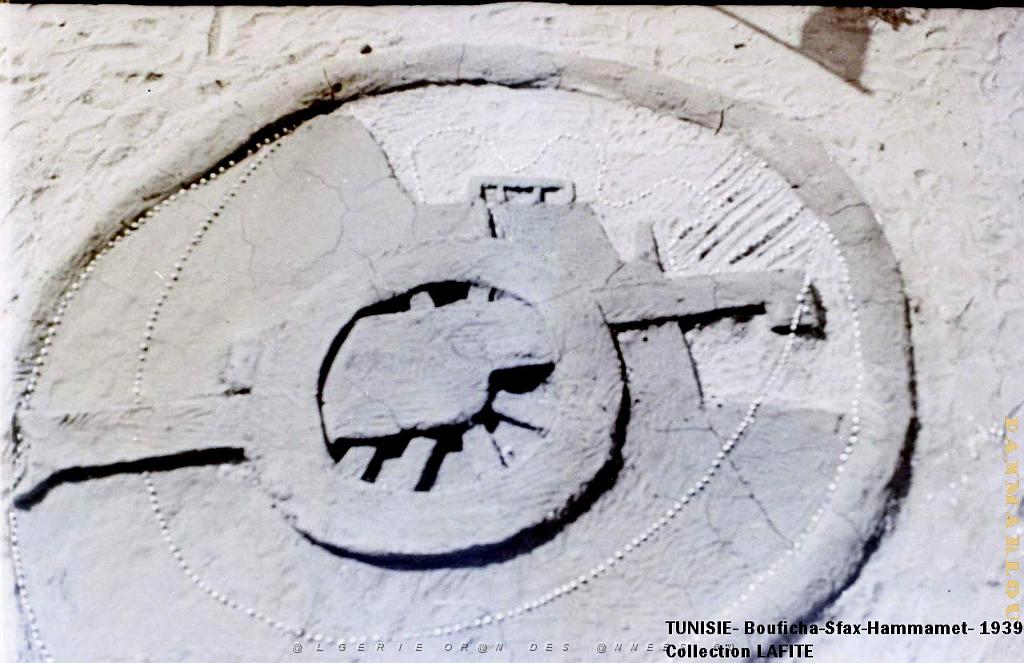 TUNISIE 1939  66 EME  REGIMENT D ARTILLERIE (8).JPG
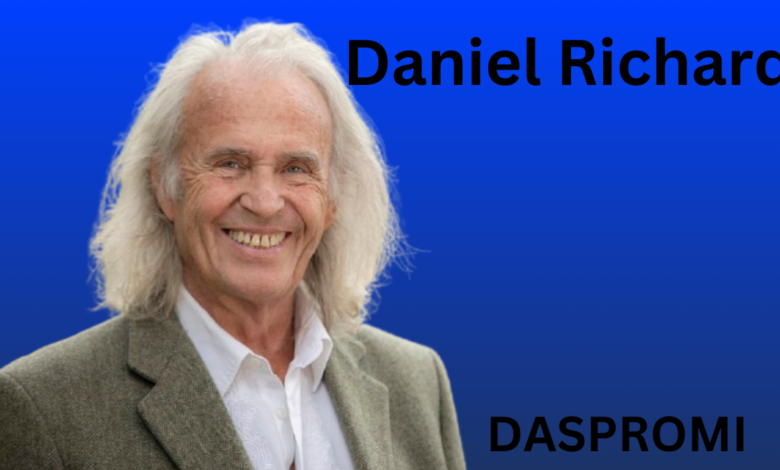 daniel richard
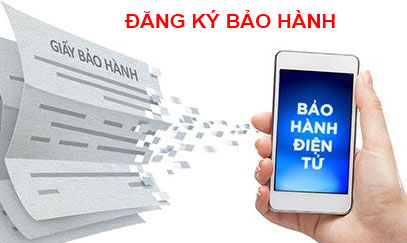 bao hanh dien tu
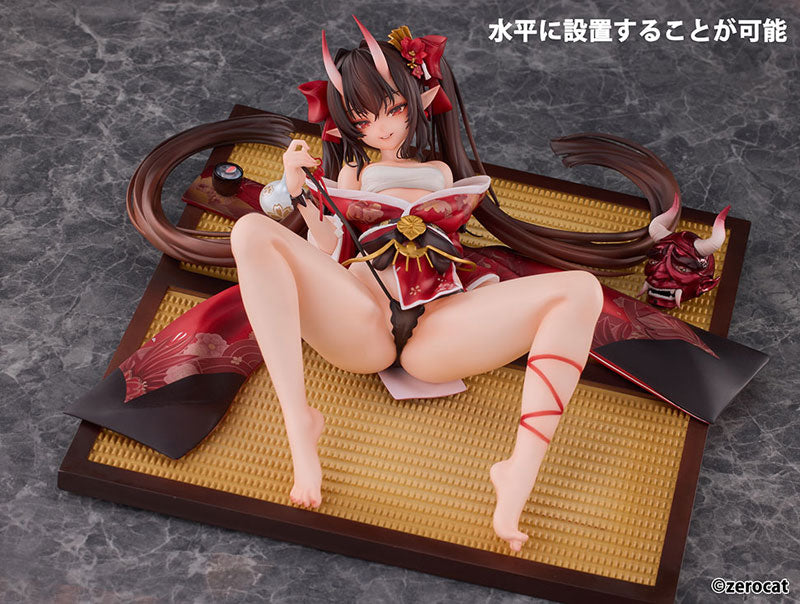 PRE-ORDER Lim Land - Oni Girl 1/6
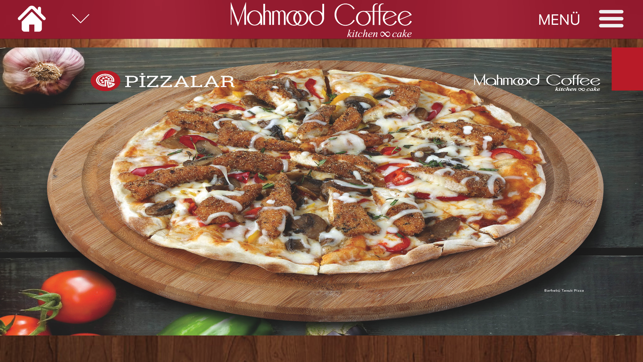 Mahmood Coffee(圖4)-速報App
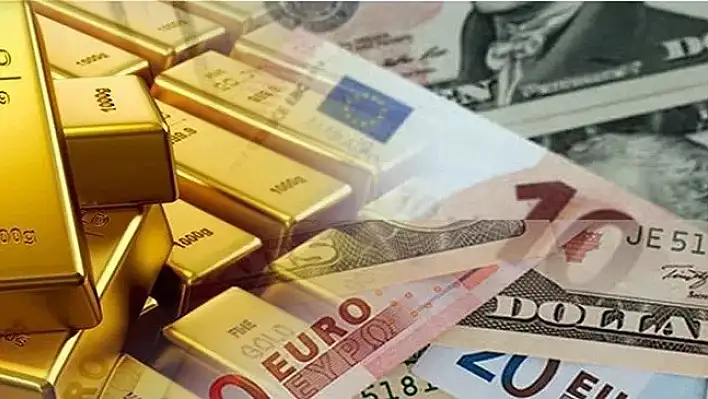 Altın neden değer kaybetti? Dolar ve Euro kuru ne olacak?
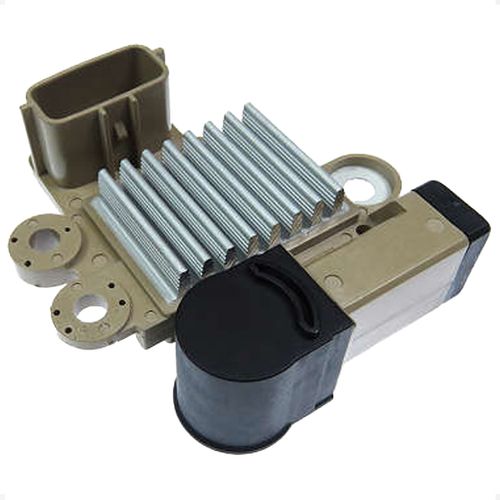 Regulador Voltagem Jac Motors J6 1980 a 2023 - 848109 - GA608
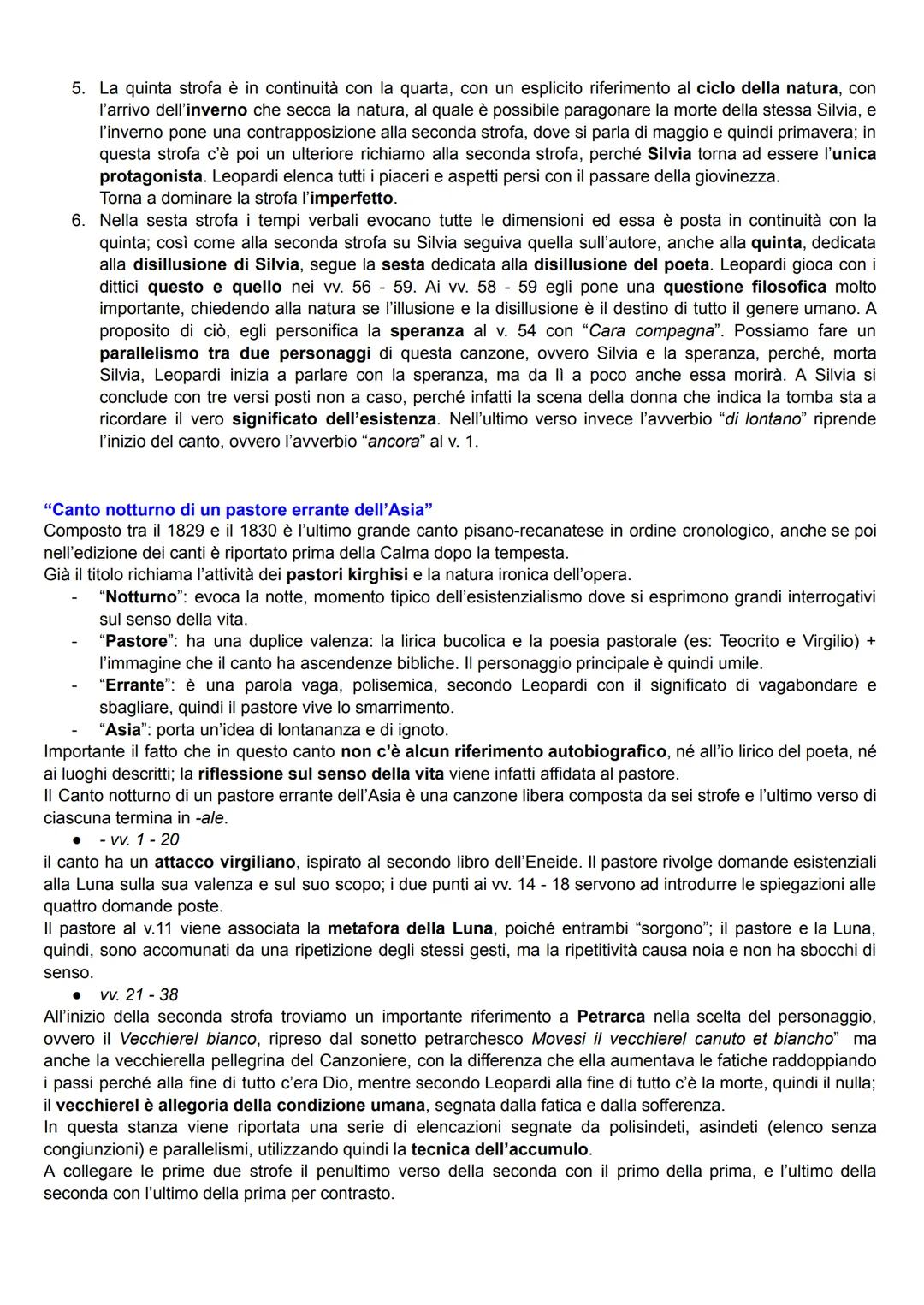 LEOPARDI
La Vita
La vicenda di Leopardi si svolge durante il Romanticismo, egli presenta una posizione totalmente
classicista ma resta sensi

###

■ Exercise description
Take the material above from its first line through the line that has "Regulador Voltagem Jac" and copy it exactly, without any pictures.

■ Output
 TUNISIE 1939  66 EME  REGIMENT D ARTILLERIE (8).JPG
 daniel richard
 bao hanh dien tu
 PRE-ORDER Lim Land - Oni Girl 1/6
 Mahmood Coffee(圖4)-速報App
 Altın neden değer kaybetti? Dolar ve Euro kuru ne olacak?
 Regulador Voltagem Jac Motors J6 1980 a 2023 - 848109 - GA608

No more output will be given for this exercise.